C’est un coup de filet retentissant, fruit d’une enquête minutieuse. Le 13 mai dernier, cinq membres d’une même famille italienne ont été interpellés en Haute-Savoie. Tous sont soupçonnés d’appartenir à la puissante ‘Ndrangheta, la mafia calabraise, et d’avoir blanchi plusieurs millions d’euros via deux établissements : la pizzeria Calabria Mia à Scientrier, et une autre à Saint-Julien-en-Genevois.

À l’origine de cette opération : la JIRS de Lyon, la Juridiction Interrégionale Spécialisée en matière de criminalité organisée, en collaboration avec Interpol. Pendant trois années, ses enquêteurs ont suivi la trace d’un schéma de blanchiment apparemment bien rôdé, dissimulé derrière l’image bon enfant de restaurants familiaux.
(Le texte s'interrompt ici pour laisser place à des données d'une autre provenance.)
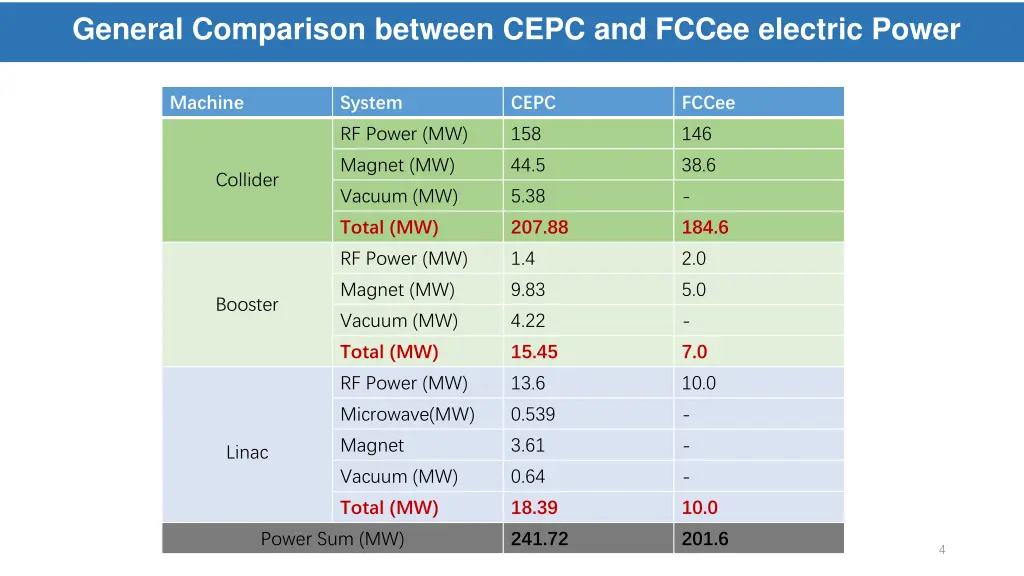 general comparison between cepc and fccee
Les suspects, jusqu’ici inconnus de la justice française, auraient servi d’intermédiaires pour blanchir des fonds en lien direct avec la ‘Ndrangheta. L’enquête fait même apparaître des connexions avec deux figures centrales de l’organisation criminelle : Antonio et Bartolo B., ce dernier étant soupçonné de diriger la « filière africaine » du clan.

Bartolo B. avait été arrêté en 2023 au Liban, dans une affaire liée à la saisie de près de trois tonnes de cocaïne en Côte d’Ivoire, pays où il possédait également… des pizzerias. Le parallèle n’a pas échappé aux enquêteurs.

Signes d’un blanchiment structuré

Derrière les fourneaux, les enquêteurs ont mis au jour des indices révélateurs : des salariés régulièrement remplacés, tous italiens, ne parlant pas français ; des fiches de paie fictives ; l’utilisation de « mules bancaires » pour déplacer et dissimuler les flux financiers.

Cette affaire souligne la capacité d’infiltration de la mafia italienne en France, à travers des structures en apparence anodines. Pour Interpol, cette opération est un signal d’alerte : la ‘Ndrangheta étend ses tentacules bien au-delà de l’Italie, en s’implantant notamment dans les circuits économiques traditionnels européens.

En tout, quinze personnes ont été interpellées, et les cinq principaux suspects mis en examen contestent à ce stade toutes les accusations portées contre eux.